Let us expand on their analysis.  The forces that now lead the Islamic State received their arms from the American Empire (i.e. the United States, NATO, and their allies) in order to take part in the overthrow of President Assad in Syria, and then they captured arms that had been sent by the US to Iraq in order to overthrow President Sadam Hussein.  And then there is Boko Haram and Al-Shabab in Africa who are inspired by the Islamic State even through they lack the heavy weapons.  But let us expand in time as well as in space.  The Islamic State is a successor to Al Quaeda and Osama Bin Laden who got their arms and training in the beginning as part of the war of the American Empire against the Russians in Afghanistan.  And Sadam Hussein was armed by the American Empire as part of their war against the Iran that came after they had overthrown the legitimate democracy of Mossadegh.

And so, over time, the West’s culture of war has reproduced its mirror image in the Middle East – another military empire.  One culture of war has armed, trained and justified another.  One must say “justified” because the Islamic State, like its predecessor Al Quaeda, attracts its recruits by promising to rid the region of the American Empire!

Perhaps, some readers will be shocked to consider the Islamic State as the mirror image of the American Empire.  But think carefully.  Which one has killed the most people?  Which one has produced the most inter-tribal, inter-religious, inter-ethnic conflicts?  And is it better to kill with drones than by beheading?

And now, as the Western Empire prepares its military options in an attempt to destroy the Islamic State, what new monsters will it create?  And are there not already new monsters arising from the ashes of their military intervention to overthrow Muammar Gaddafi in Libya?  Not to mention the military aid and advice provided to fascists in the Ukraine. . .

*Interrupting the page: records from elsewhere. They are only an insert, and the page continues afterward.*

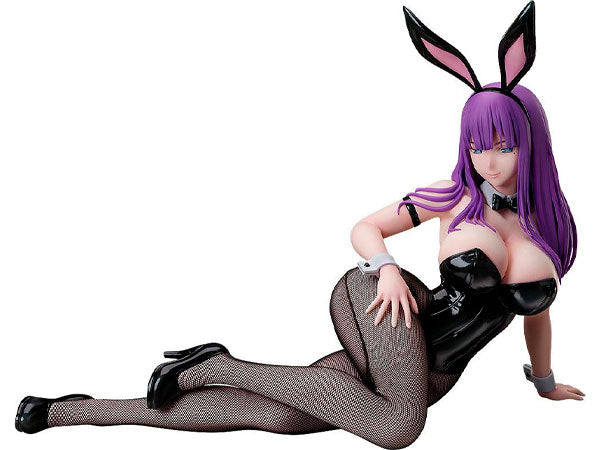 World's End Harem 1/4 Mira Suou Bunny Ver.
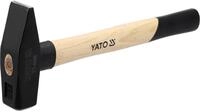 TRIZERATOP Hammer Marteau de serrurier 1000g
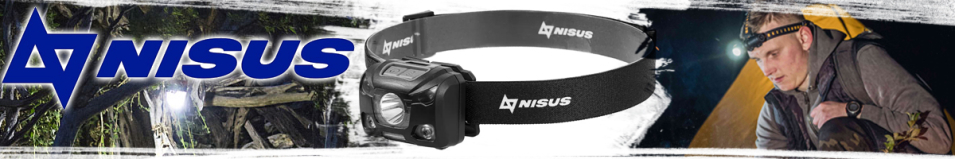 Nisus Pro (N-HL78)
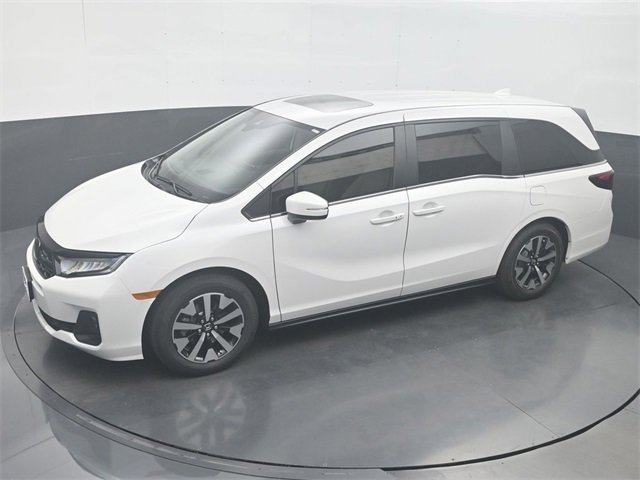 New 2026 Honda Odyssey EX-L image 20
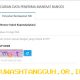 Panduan Lengkap Mengecek Bansos PKH dan BPNT Maret 2026 Melalui Website dan Aplikasi Pemerintah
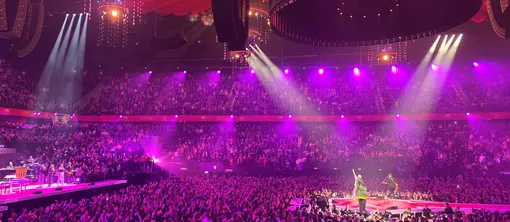 Vrienden van Amstel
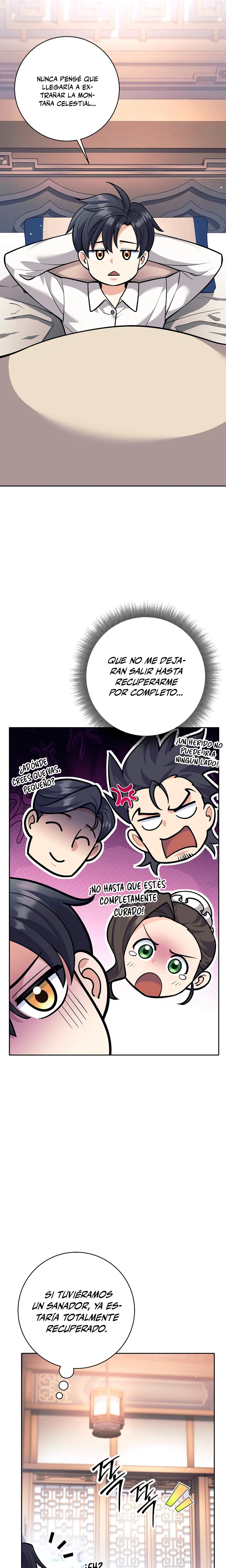 El bastardo devorador de armas. > Capitulo 44 > Page 201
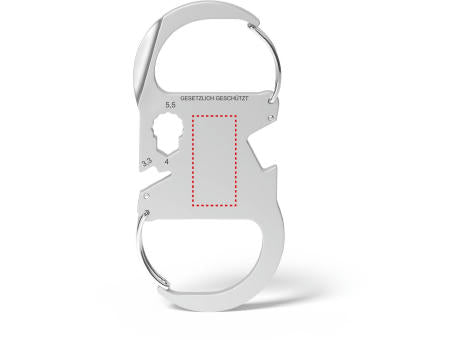 RICHARTZ® KEY ORGANIZER classic-2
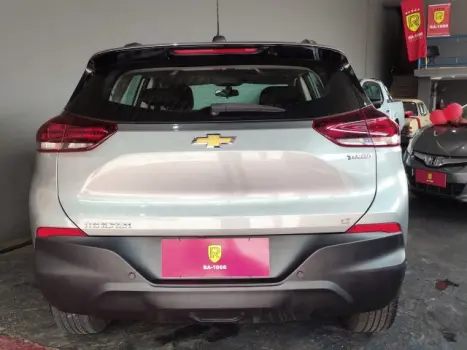 CHEVROLET Tracker 1.0 12V 4P FLEX TURBO LT AUTOMTICO, Foto 11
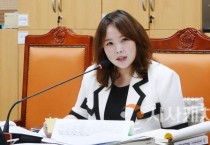 박효진 의원, 예비비가 누군가의 호주머니 역할하나?… 아산시 예산 운용에 ‘경고’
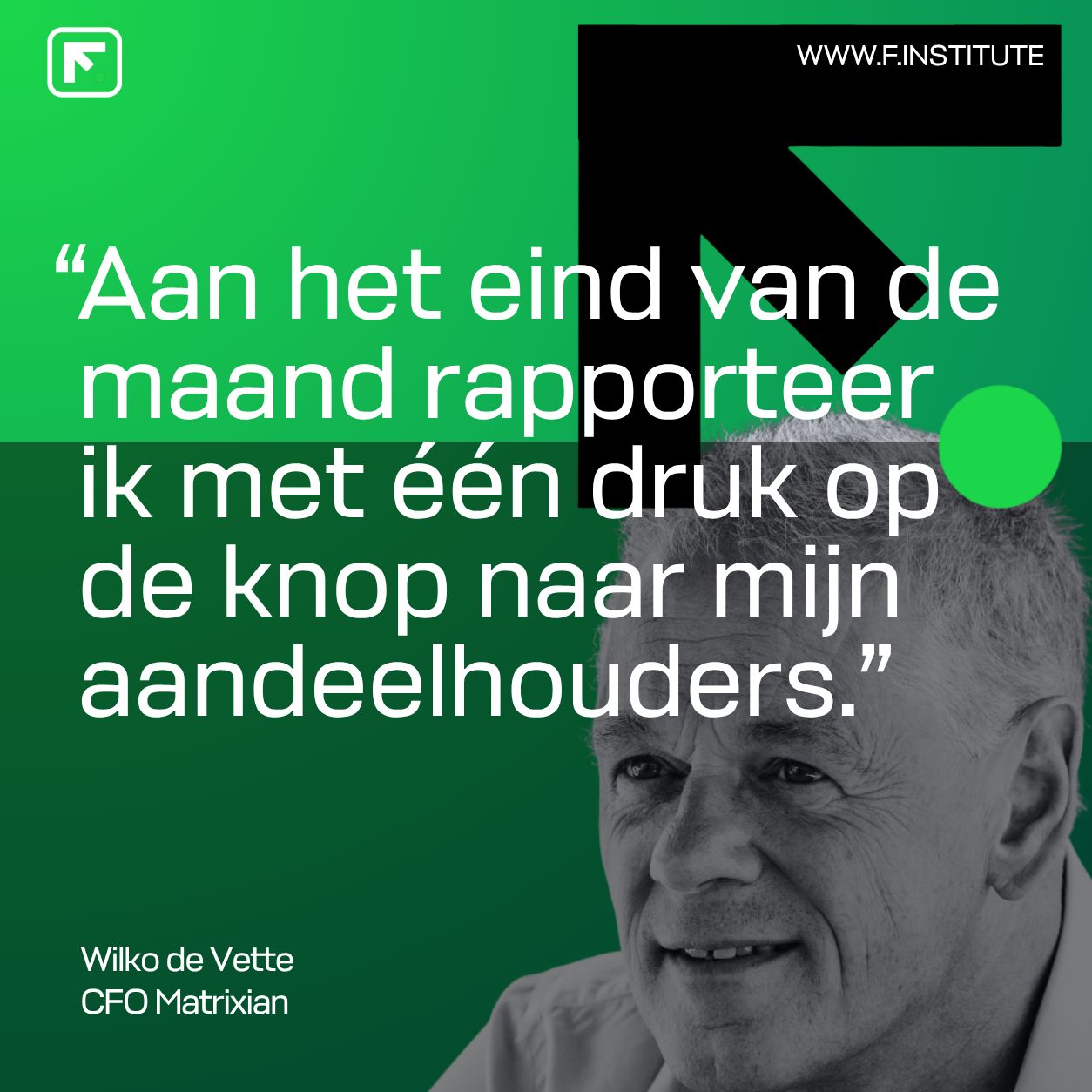 F-INSTITUTE ad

Where will it end?  Perhaps very simply by the bankruptcy of the West.  These wars are very expensive, and they continue to add to unsustainable national debts.   While it may seem that the production of arms provides jobs to sustain their economies, the people of the American Empire cannot eat or find shelter from the weapons they produce.  As Marx once said, the production of arms is like throwing money into the sea.  Or to quote a more contemporary specialist, the economist Lloyd Dumas, in his book The Overburdened Economy, shows how military production has a general negative effect on the economy.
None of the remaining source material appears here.